An organized student movement began on the Moorhead State campus toward mid-decade, later than at some other colleges, but not unusually late for the Midwest.  When the MSC campus student movement did begin, around 1965-66, it was influenced by the civil rights movement and by the memory of the late President John F. Kennedy.  Larry Peterson, who came to MSC in 1966, later recalled Kennedy’s eloquence, his ability to inspire, as he did  at Amherst College in October 1963, barely a month before his untimely death: there Kennedy spoke of the need for a powerful United States as a check against Soviet expansion, but noted as well that a “great future for America” must be “a future in which our country will match its military strength with our moral restraint, its wealth with our wisdom, its power with our purpose.”
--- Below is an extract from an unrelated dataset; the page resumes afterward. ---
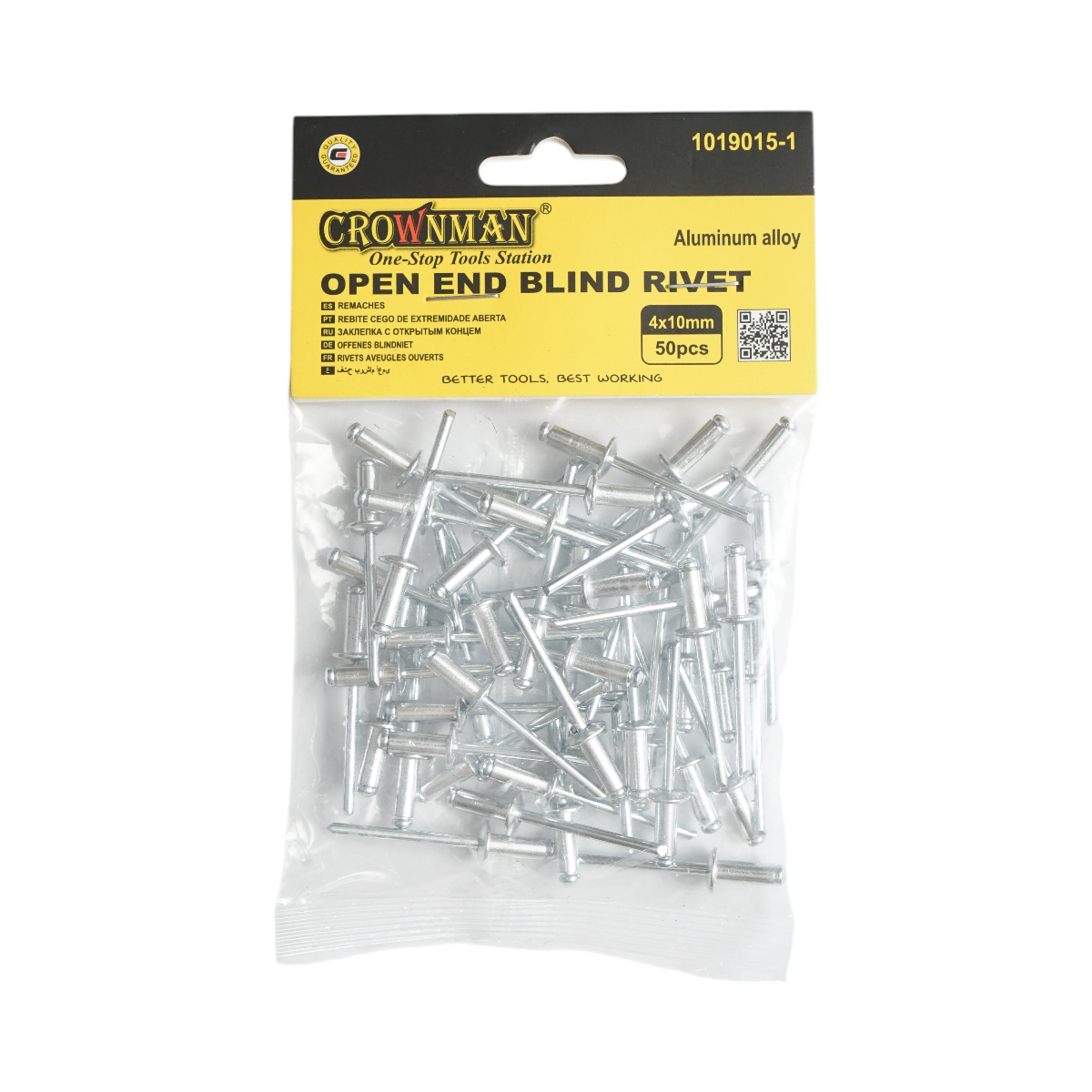 Popnit aluminiu 4x10mm 50 buc/set Crownman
            As a professor of American history a quarter century later, Peterson admitted that expecting Americans could somehow consistently balance the necessities of hard power politics with moral restraint was “somewhat utopian.” But even so, he noted “utopianism is a key in giving people hope that you really can change things for the better.”  It was in this hope that eh fondly reminiscence about the student movement on the campus in the latter part of the 1960s.  “There is something about being in your early twenties, you are more hopeful that things can be changed.  It made the student movement not as practical as it could have been, but still something that inspired you to try and change things.”
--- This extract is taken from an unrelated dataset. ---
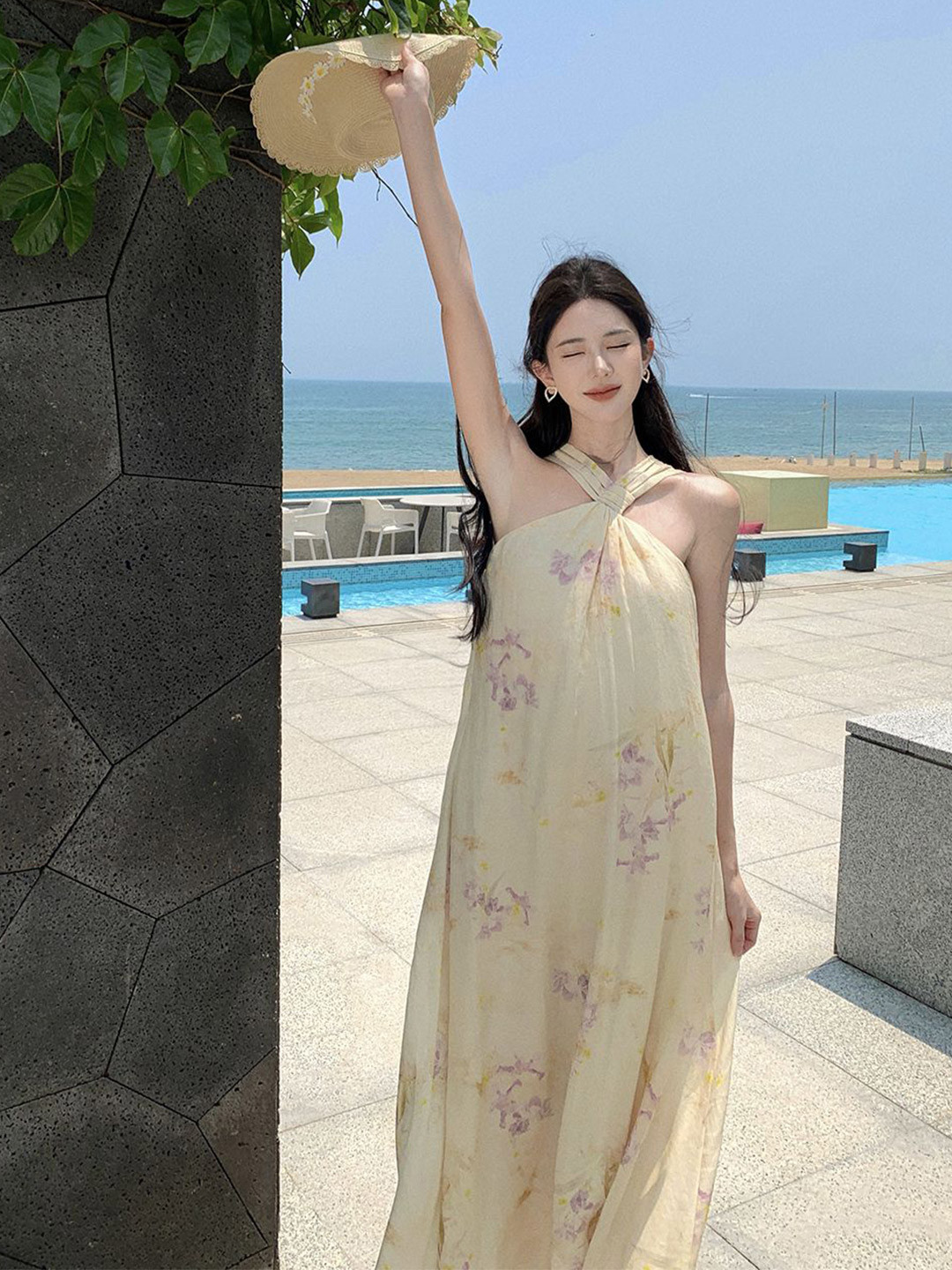 

JC Mode Floral Printed A-Line Midi Dress, Cream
            While some students at the college had written letters to the Mistic in support of civil rights for minorities, and questioning American military support for nations in Latin America and Asia, there was no organized student movement pursuing these issues until Joe Bernick, a bright, serious young man whose parents had immigrated to Israel, organized a small group and petitioned the school to grant a charter for a campus chapter of the Students for a Democratic Society (SDS) in the spring of 1966.  The SDS was never very large – Larry Peterson estimated that, while he was part of the group, no more than fifteen to twenty men and women participated in SDS activities on a regular basis.  “I’m pleased to say we were not violent in our demonstrations, like in other areas of the country, and that reflected our upper Midwest values.”  One of the earliest demonstrations Peterson took part ii was at the Fargo Auditorium.  “It was organized by kids who had gone to another college, and we joined it.  We sat by the Ten Commandments plaque [where the commandment “thou shalt not kill” was written] with some signs against war.  People drove past and yelled nasty things at us, but we did it on Fridays for a couple of months and it was important for us to say that there were those of us who were opposed to the war in Vietnam.”

Peterson FBI file
Page from FBI file maintained on Larry Peterson, 1968 (copy obtained by Peterson in 1980s).

The SDS members also felt social pressure to curtail their activities on the MSC campus.  In 1967, the Mistic editor suggested that the college consider expelling “the radicals” from the school.  More serious – and unknown to Bernick, Peterson, and their fellow members -- the MSC chapter of the SDS had attracted Federal attention: FBI agents were quietly watching them for signs of “subversion,” and filling files with information on each member’s associates and actions.  The FBI would continue to monitor the SDS members for some five years.  As Larry Peterson learned years later after obtaining access to his FBI file, the agents had done little more than record who he met and talked to, what demonstrations he took part in, and the like; “it hardly made for exciting reading.”